In a BT with height/number of levels of h number of nodes is max 2^h-1 — this considers root as height of 1, again maximum number is achieved when BT is perfect. You can think of number of nodes in BT as sum of all levels, and number of nodes in a level is 2ⁱ for each level i so number of nodes is the sum 1 + 2 + 4… + 2^h and that sequence is equal to 2^h – 1;
If BT is full, number of leaves is equal to number of nodes with 2 children + 1 — to proof this, 2^h-1 – number of leaves, N – number of internal nodes, and 2^h – 1 as number of all nodes, N is the difference between all nodes and leaf nodes so N = 2^h-1 – 2^h – 1 = 2^h-1 * ( 2 – 1) – 1 = 2^h-1 – 1, because number of leaves is 2^h-1 ⇒ number of leaves = N + 1

ALV and Red Black Trees

We’ll just cover the basic concepts of there two types of binary trees because I could go on and write a post about just inserting elements into one so I’ll keep things simple. These two trees are what is called self balancing trees.
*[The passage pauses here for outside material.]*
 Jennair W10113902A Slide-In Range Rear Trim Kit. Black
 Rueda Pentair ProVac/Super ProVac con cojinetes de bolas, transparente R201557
AVL trees use rotation method on insertion and deletion to keep the difference between height of left and right subtree of every node less than or equal to 1.

Red Black trees along with the data on each node store a 1 bit of colour, either red or black. Balance is kept with the rule that two red nodes cannot be adjacent, aka red node cannot have a red child or a red parent. Also all leaf nodes are black and root is black.

These trees exist because they keep the operations on the tree in O(log N) time, which is the case with BST in general but the worst case can have O(N) time if the tree height gets to high in comparison to number of nodes.

Red and black trees are used in implementation of C++ and Java maps and sets, Linux CPU scheduling and in K-means clustering algorithms and computational geometry. In general if your program requires large number of insertion and deletion RB trees are better than AVL trees

AVL trees are also used to implement maps and dictionaries and also in large data bases where there isn’t a lot of insertion and deletion but frequent searching.

This was mostly a theoretical introduction to trees, where trees get practical are in the algorithms for traversing and manipulating data stored in them. Those topics will be covered in a course on algorithms that’s coming soon.